ENCODING AND CHARACTERS

We deal with UTF-8 encoding.  If you want to use some other encoding for your wiki software, then JCreole is not the tool for you.  Similarly, we "write" line delimiters only as \n.  We never write \r's.
As JCreole output will usually be combined with other material to generate HTML page, you should definitely do a '.replace("\n", "\r\n")' if the other content uses DOS line separators.

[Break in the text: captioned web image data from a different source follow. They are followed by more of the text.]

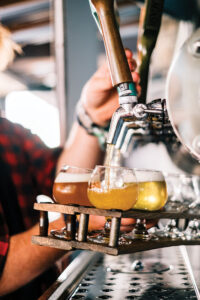 samples of Allagash beer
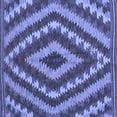 thumbnail image 1 of Ahgly Company Indoor Square Southwestern Blue Country Area Rugs, 7' Square, 1 of 4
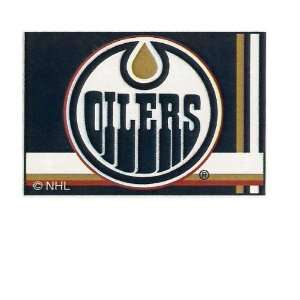 NHL EDMONTON OILERS 2.6 x 4 Rug:  Sports & Outdoors
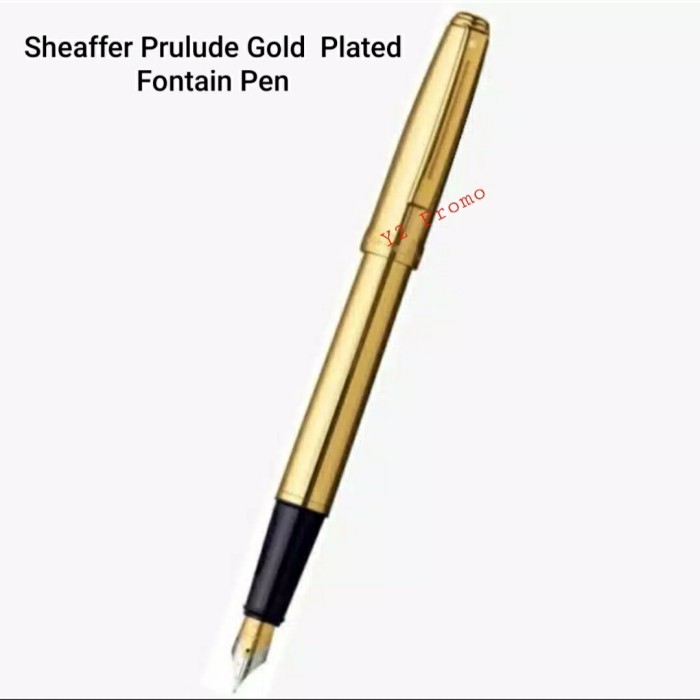 

[Promo]-BEST SELLER Sheaffer Prelude Gold Plated Fountain Pen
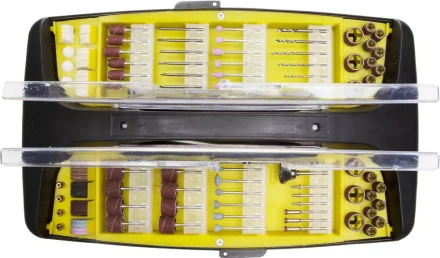 Набор STAYER &quot;MASTER&quot;: Мини-насадки для гравиров машин, в пластик боксе, гибкий вал,штатив, место для гравёра,191 предм 29906-H191 купить в Уфе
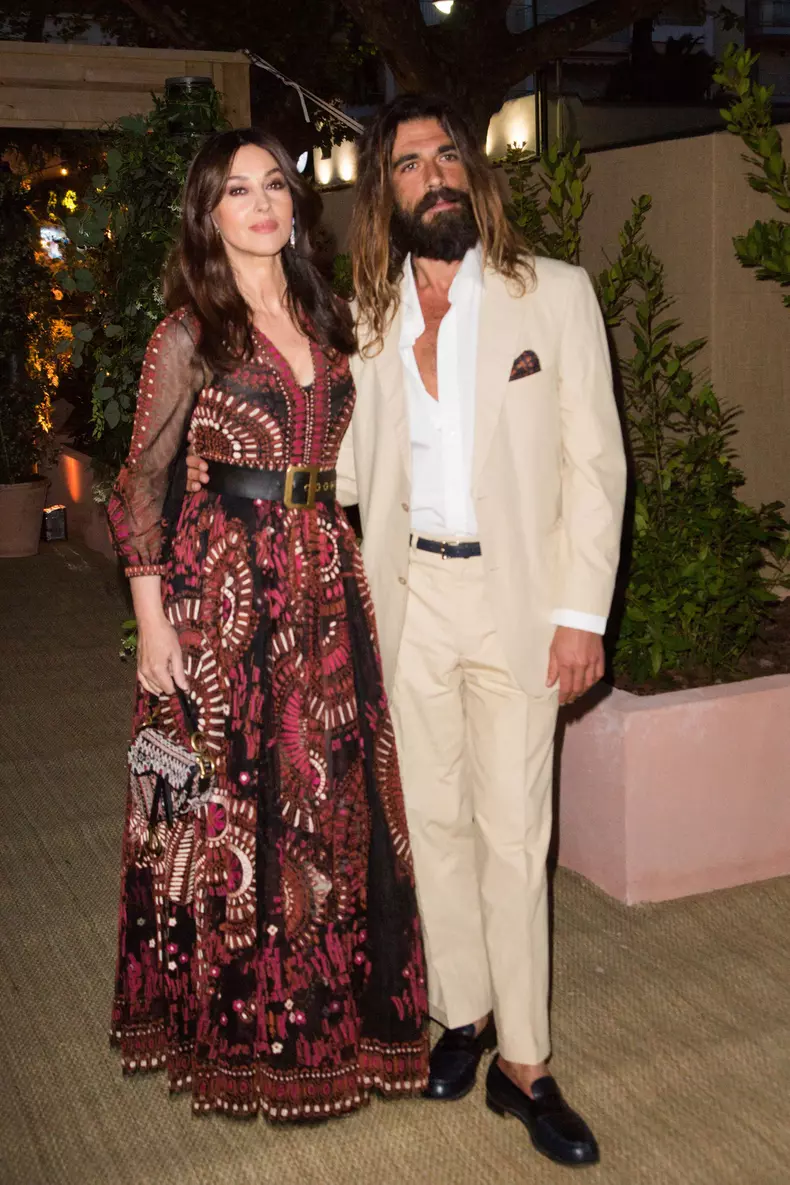 Monica Bellucci și Nicolas Lefebvre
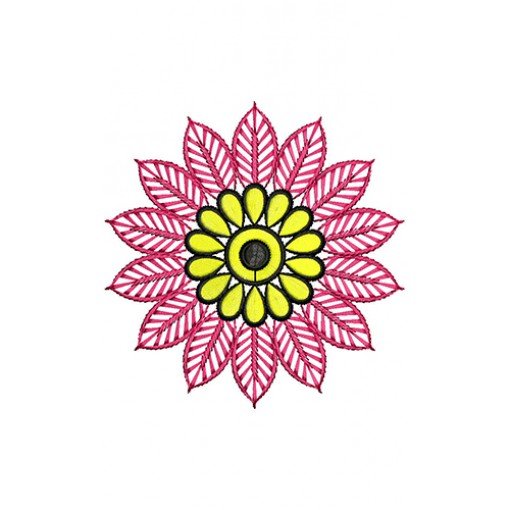Star Flower Embroidery Design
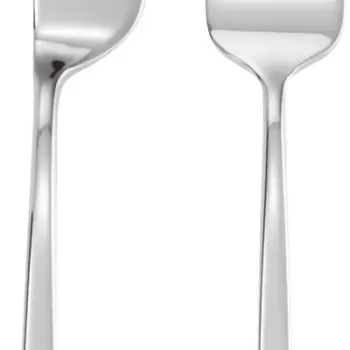 Set tacamuri peste Sambonet Linea Q Solid Handle 24 piese inox placat cu argint imagine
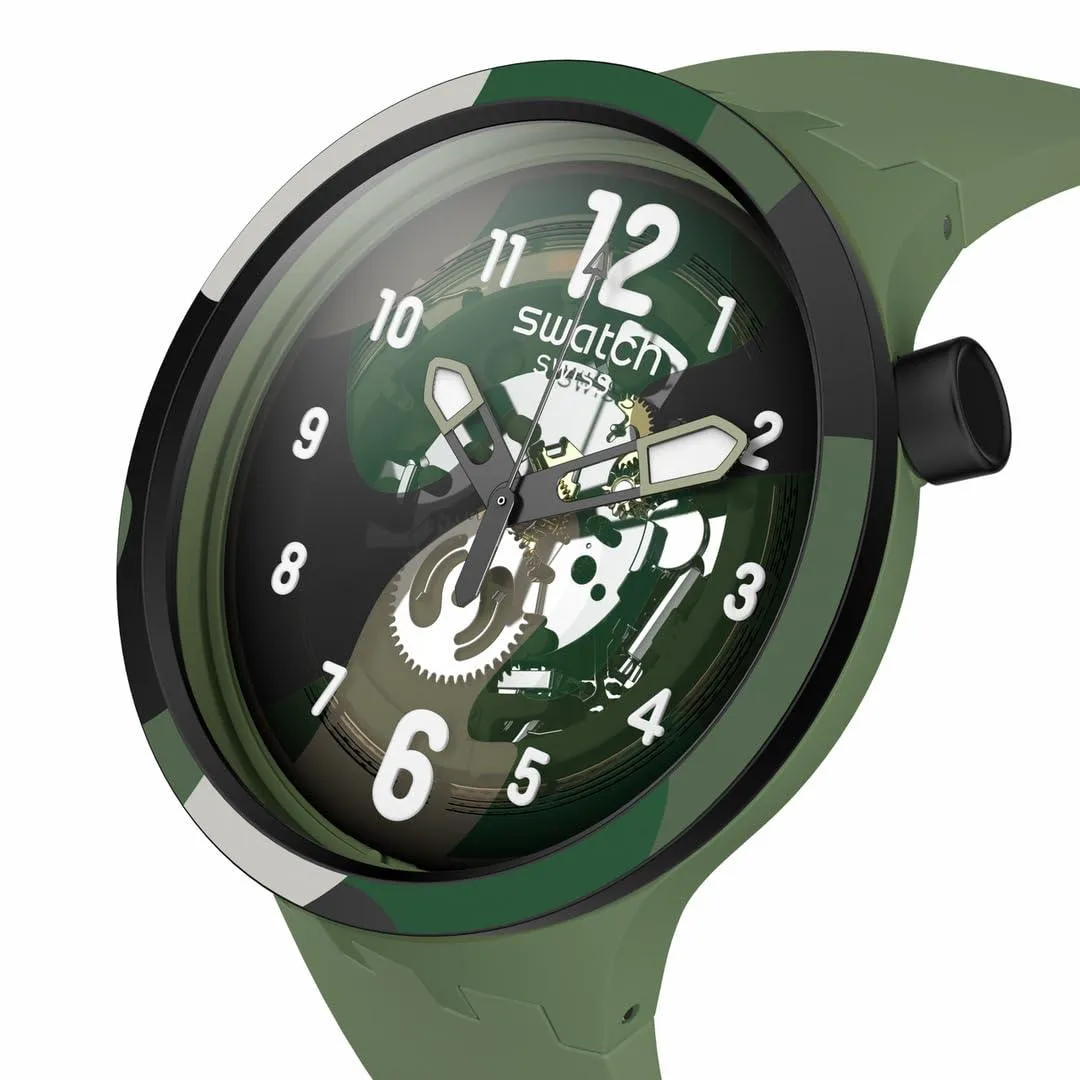 Swatch Look Right Thru Green Pay Watch.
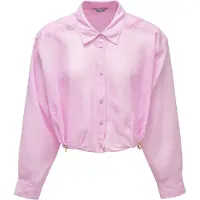 Salsa Jeans 21012028 Cropped Skjorte Med Lange ærmer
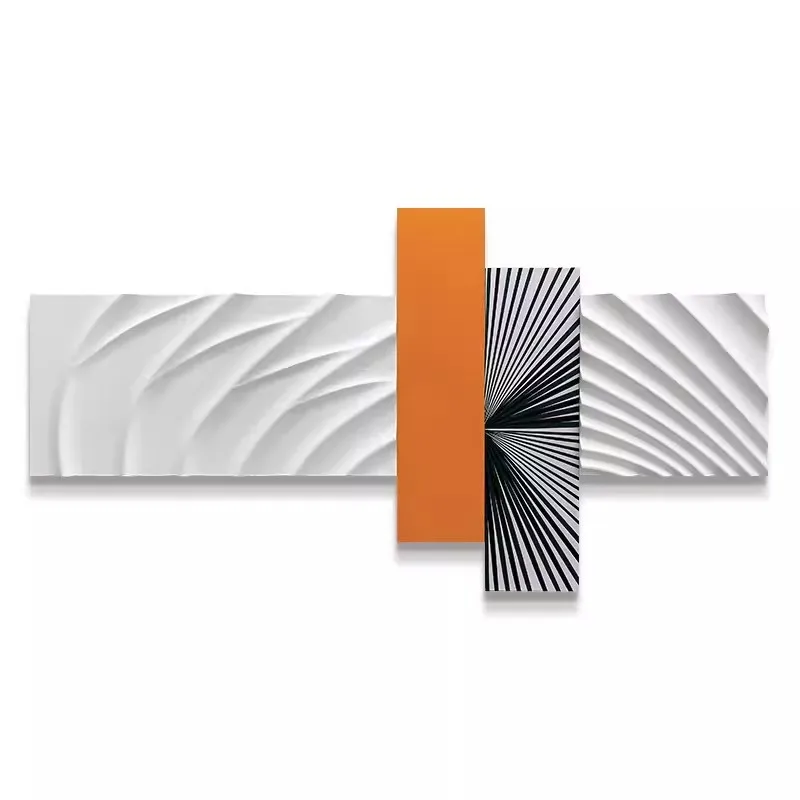

Wall painting modern simple three-dimensional carving high-end atmospheric lying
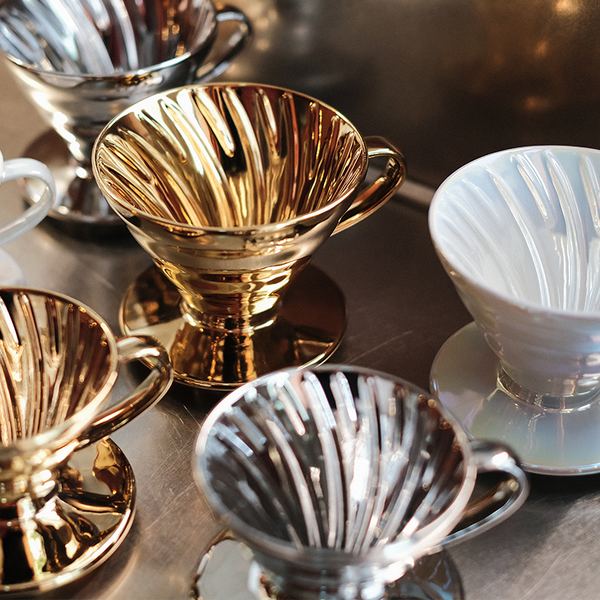 Hario V60 Metallic Colour Ceramic Dripper 02 Size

You must either supply a stream that has no control characters other than \r and tabs (\t) (... and this means no \r carriage returns), or use the new* static factory methods to strip them from your input.  It would multiplied the complexity of the scanner greatly to have to accommodate the other characters.
If you will be serving huge documents like books, you may instantiate your own Reader filter to assure this on your own, but it could be difficult to do so without losing the benefit of low-level caching.
(If you do implement a char-by-char filtering Reader that is high performance and has no capacity limit, send it to me and I'll incorporate it and remove the limitations described here).


DIRECT HTML

Users may code <, ", etc. in their Creole input, of course, and those characters will be translated to &lt; and &quot;, etc.
For security reasons, the only way that a Creole document author can get the real characters <, ", etc., directly into output is by using the <<~...>> plugin supplied for that purpose.


CHARACTER ENTITIES

Entities of the form &[a-zA-Z0-9]+; are passed from Creole input to output unadulterated.
(That expression is in Regexp. format, not BNF).
See the values in the "Entity Name" columns in the tables at http://www.w3schools.com/tags/ref_entities.asp for the many entities that you can use.
Considering whether to allow escaping this behavior like "~&lt;" to have output write "&amp;lt;", but not doing so for now since that would violate the Creole 1.0 spec.